Oxygen on the International Space Station is created through electrolysis, separating the hydrogen and oxygen atoms that make up H2O. This process is irreversible and a heavy drain on a mission’s water supply. Using algae could prove to be more sustainable.

“Compared to plants, algae has really high photosynthetic efficiency,” Julius said. “They’re going to be able to pump out more oxygen for however much CO2 you put in.”

The team created a virtual model of a living area that might be used on Mars alongside a photobioreactor to test how the gas exchange might function. The bioreactor would take in CO2 from the crew’s breath and use photosynthesis to create oxygen.

“What we were finding was that you could get most of what you need as far as oxygen production,” Hughes said. “But it’s still going to need to be supplemented.”

“You would have to either supplement with electrolysis to get that extra boost of oxygen, or somehow bring in extra CO2,” Julius said. “One idea that we came up with was that if you’re on Mars, the atmosphere on Mars is 95 percent carbon dioxide. So maybe what you could do is take some of the carbon dioxide from the atmosphere.”

Although the main focus of the project was on oxygen production, the team considered Spirulina algae in particular for its versatility.

“It’s multipurpose,” Julius said. “You can use it for wastewater treatment, or biofuel production. In the case of [Spirulina], you can also use it for consumption.”

Spirulina is used on earth as a dietary supplement for humans and livestock, taking its flexibility a step further.

The system that the team designed would take up space, and at present there are certain stipulations that the system would have to meet to even be possible to send into space. These constraints were based on the specifications of the Perseverance Rover, which landed on Mars in February 2021.

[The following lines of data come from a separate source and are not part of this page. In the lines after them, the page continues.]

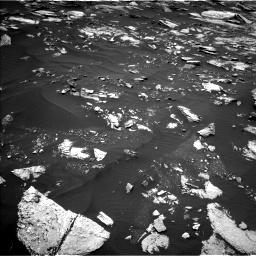 Nasa's Mars rover Curiosity acquired this image using its Left Navigation Camera on Sol 1676, at drive 1398, site number 62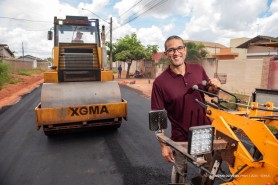 Prefeito Arthur Henrique acompanha obras de infraestrutura que estão transformando o bairro Murilo Teixeira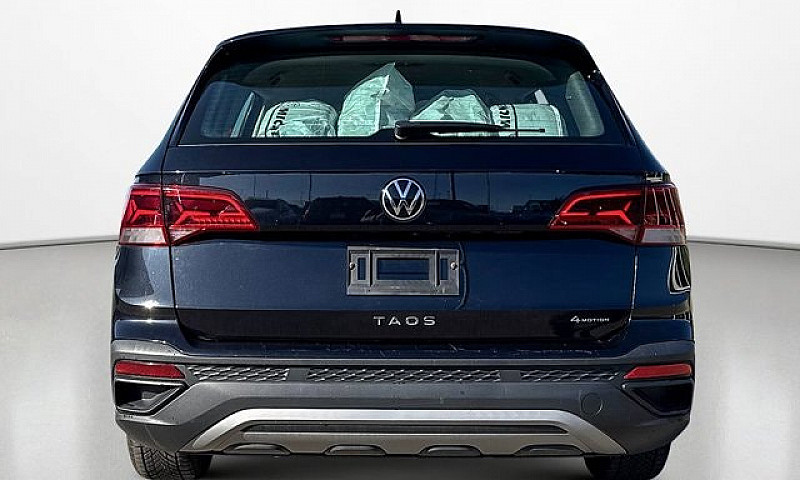 2022 Volkswagen Taos...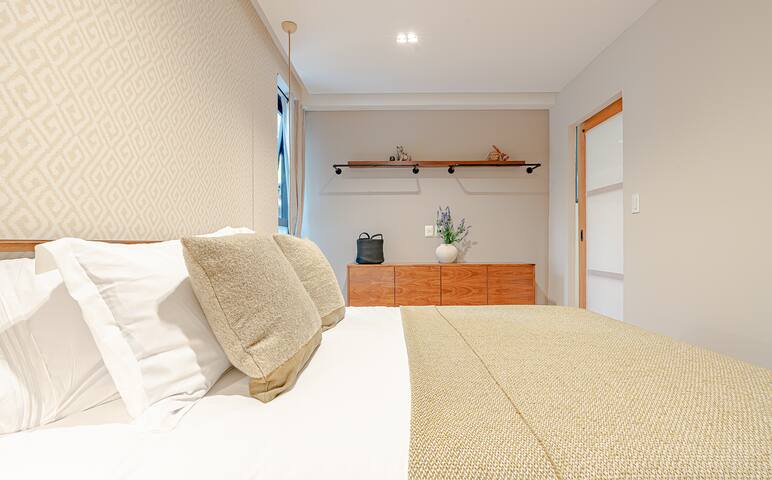 Best Location, 3BR with A/C, Sunny Terrace, gallery image 5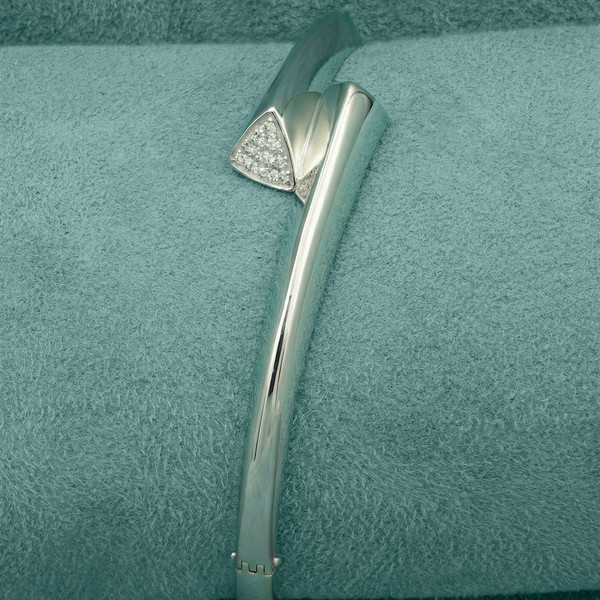 Браслет из белого золота 585 пробы c бриллиантами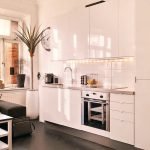 Pavimento nero e mobili bianchi in cucina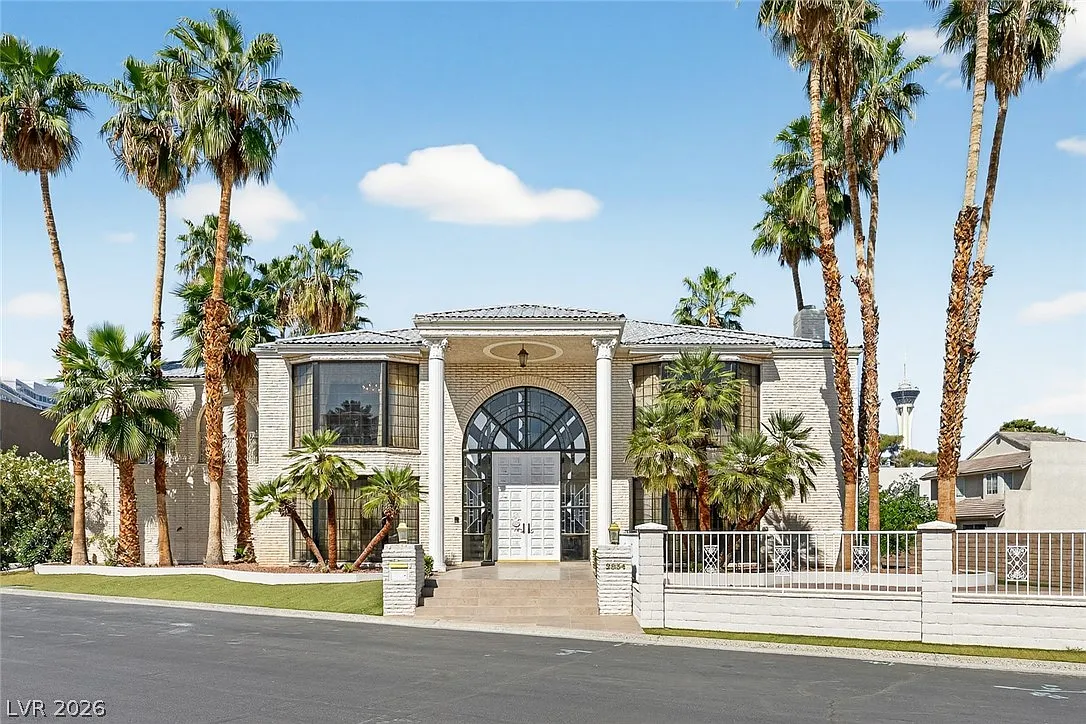 2 bed, 3.5 bath, 4842 sqft, $5,000 — Photo 3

“You don’t want to ship it up there and have it be broken.” Mondragon said. “Roughly the size of a small car was what we were working with for transportation purposes.”

Looking to the future, the prospect of humanity landing on Mars and beyond excited everybody in the team, for different reasons across the board.

“If something were to go wrong, a cataclysmic event where Earth was no longer able to be inhabited by people, that’s just the end of humanity?” Martenson said. “That’s a pretty sad story. Being able to travel further beyond the reach of our planet and colonize other planets would be the safety net.”

“Maybe we find something we can use to improve our situation here on other planets,” Nash added. “If we expand to other planets there’s no telling what we’re going to find.”